Golf

Le parcours du Ritz-Carlton GC, sis à Dove Mountain (Arizona), sera le théâtre de mercredi à dimanche du traditionnel Accenture Match Play. Soit l’officieux championnat du monde de la discipline, doté de 8 500 000$ et regroupant les 64 meilleurs joueurs au ranking mondial.

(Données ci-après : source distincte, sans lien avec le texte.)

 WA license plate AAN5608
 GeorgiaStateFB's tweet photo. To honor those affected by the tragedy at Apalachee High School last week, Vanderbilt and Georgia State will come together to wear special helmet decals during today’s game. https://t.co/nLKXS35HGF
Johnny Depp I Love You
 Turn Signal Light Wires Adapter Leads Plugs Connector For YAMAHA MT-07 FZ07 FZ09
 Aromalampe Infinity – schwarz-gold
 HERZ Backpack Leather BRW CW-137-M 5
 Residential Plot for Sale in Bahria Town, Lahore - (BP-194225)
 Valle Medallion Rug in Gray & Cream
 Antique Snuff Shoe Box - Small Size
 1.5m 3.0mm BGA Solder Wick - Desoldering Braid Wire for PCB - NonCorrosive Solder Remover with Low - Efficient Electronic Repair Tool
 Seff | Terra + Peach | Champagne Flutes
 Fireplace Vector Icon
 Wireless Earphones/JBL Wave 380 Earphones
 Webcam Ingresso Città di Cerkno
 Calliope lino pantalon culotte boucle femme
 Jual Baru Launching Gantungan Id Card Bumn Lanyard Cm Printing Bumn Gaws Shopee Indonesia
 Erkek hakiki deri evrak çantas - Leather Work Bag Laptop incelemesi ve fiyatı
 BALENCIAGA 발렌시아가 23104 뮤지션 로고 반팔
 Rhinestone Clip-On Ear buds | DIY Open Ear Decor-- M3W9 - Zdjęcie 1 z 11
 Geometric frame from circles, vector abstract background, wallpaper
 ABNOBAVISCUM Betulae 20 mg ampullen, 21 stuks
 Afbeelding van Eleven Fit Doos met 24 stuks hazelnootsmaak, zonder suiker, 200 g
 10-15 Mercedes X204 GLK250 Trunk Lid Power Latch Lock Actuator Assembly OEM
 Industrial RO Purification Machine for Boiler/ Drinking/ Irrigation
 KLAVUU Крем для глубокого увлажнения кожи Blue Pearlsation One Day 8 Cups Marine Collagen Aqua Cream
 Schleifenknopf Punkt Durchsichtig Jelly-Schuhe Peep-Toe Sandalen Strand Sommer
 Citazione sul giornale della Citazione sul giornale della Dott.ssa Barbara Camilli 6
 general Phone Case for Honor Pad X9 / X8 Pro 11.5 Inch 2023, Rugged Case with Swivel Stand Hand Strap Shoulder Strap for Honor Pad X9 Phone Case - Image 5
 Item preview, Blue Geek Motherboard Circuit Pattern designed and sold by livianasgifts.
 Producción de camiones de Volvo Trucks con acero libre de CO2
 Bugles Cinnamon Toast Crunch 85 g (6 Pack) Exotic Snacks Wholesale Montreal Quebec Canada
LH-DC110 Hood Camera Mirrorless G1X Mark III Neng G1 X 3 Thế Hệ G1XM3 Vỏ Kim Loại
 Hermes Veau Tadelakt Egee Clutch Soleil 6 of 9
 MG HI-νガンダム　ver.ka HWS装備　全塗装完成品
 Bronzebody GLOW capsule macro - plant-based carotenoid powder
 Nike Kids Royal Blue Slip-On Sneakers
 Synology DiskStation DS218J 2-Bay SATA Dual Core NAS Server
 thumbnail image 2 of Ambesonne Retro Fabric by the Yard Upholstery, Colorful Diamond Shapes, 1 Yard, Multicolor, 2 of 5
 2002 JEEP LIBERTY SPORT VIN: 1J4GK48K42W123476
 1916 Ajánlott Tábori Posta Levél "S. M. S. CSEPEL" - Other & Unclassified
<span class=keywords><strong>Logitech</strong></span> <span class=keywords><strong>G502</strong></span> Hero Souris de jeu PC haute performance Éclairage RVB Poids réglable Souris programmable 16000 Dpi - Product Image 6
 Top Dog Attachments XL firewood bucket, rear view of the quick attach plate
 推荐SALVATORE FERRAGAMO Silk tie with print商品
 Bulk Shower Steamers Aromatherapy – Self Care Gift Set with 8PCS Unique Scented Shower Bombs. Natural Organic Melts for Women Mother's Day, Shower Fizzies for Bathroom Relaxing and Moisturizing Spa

La lutte s’annonce particulièrement chaude et indécise à l’ombre [?] des cactus de l’Arizona. L’Anglais Ian Poulter, vainqueur l’an dernier après avoir battu 4&2 en finale (sur 36 trous) son compatriote Paul Casey (runner-up en 2009 et 2010), tentera de conserver son titre. Ce qui sera loin d’être évident, d’autant qu’il devra être dans le coup aujourd’hui dès le 1er tour face à Stewart Cink. L’Américain, vainqueur du British Open en 2009 et pilier de l’équipe US de Ryder Cup depuis une décennie, reste en effet redoutable dans ce type de duel.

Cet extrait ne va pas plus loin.